§ **Task objective**
Return only the lines of the data below from the line with "Monsters Inc Inspired Pennant Banner" up to and including the line with "ADEL Set of jug and 6 glasses 1.4L 6x330ml", exactly as written, with the pictures omitted.

§ **Source information**
*** Block opens ***

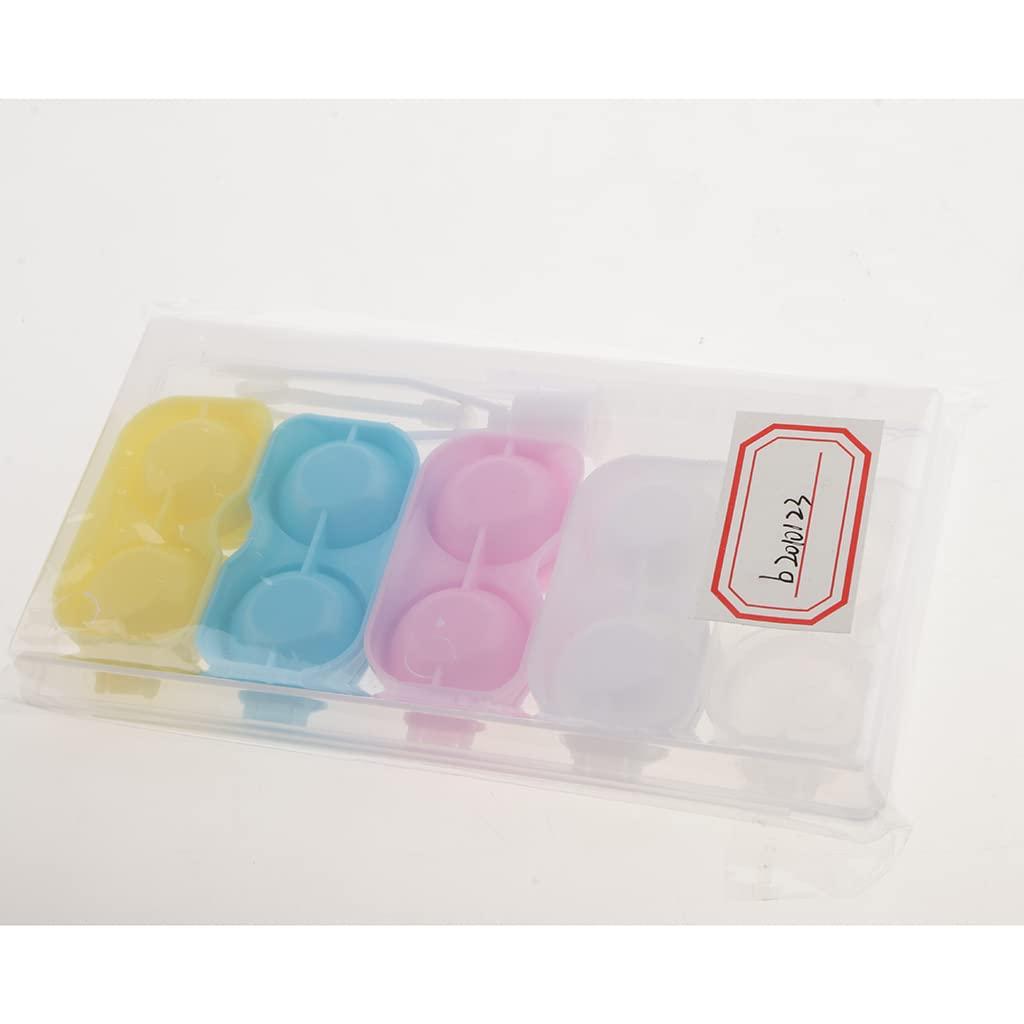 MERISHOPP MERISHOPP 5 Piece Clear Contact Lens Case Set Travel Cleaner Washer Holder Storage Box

*** Block closes ***
*** Block opens ***

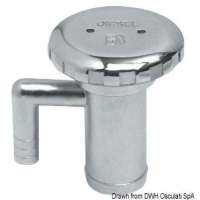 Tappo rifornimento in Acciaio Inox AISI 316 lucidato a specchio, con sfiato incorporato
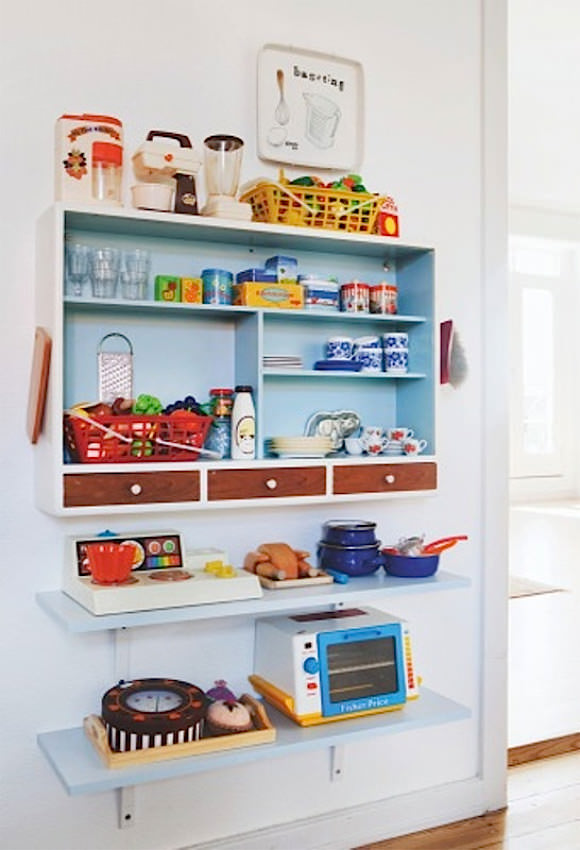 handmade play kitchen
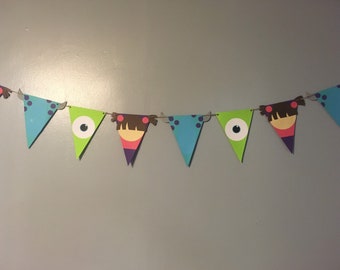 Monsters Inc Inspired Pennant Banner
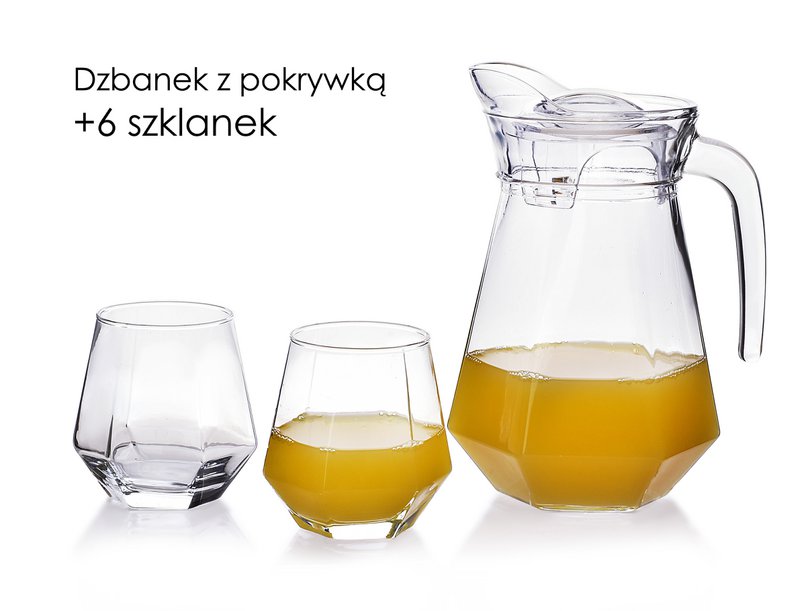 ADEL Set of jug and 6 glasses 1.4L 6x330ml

*** Block closes ***
*** Block opens ***

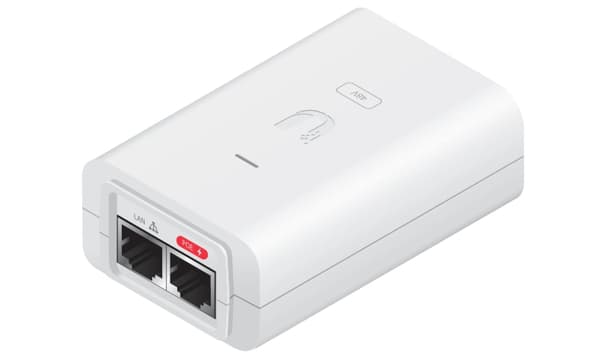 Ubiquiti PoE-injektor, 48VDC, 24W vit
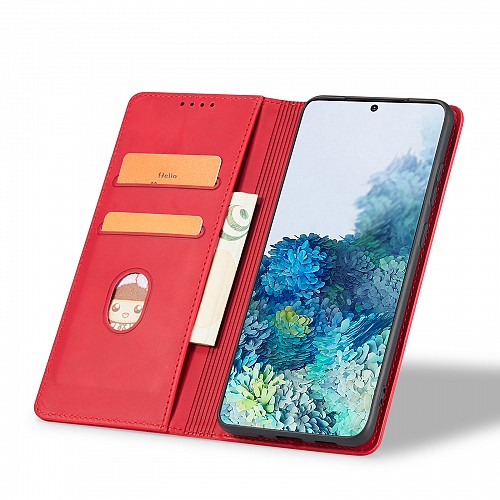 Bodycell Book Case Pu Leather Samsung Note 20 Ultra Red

*** Block closes ***

§ **The completed task**
 Monsters Inc Inspired Pennant Banner
 ADEL Set of jug and 6 glasses 1.4L 6x330ml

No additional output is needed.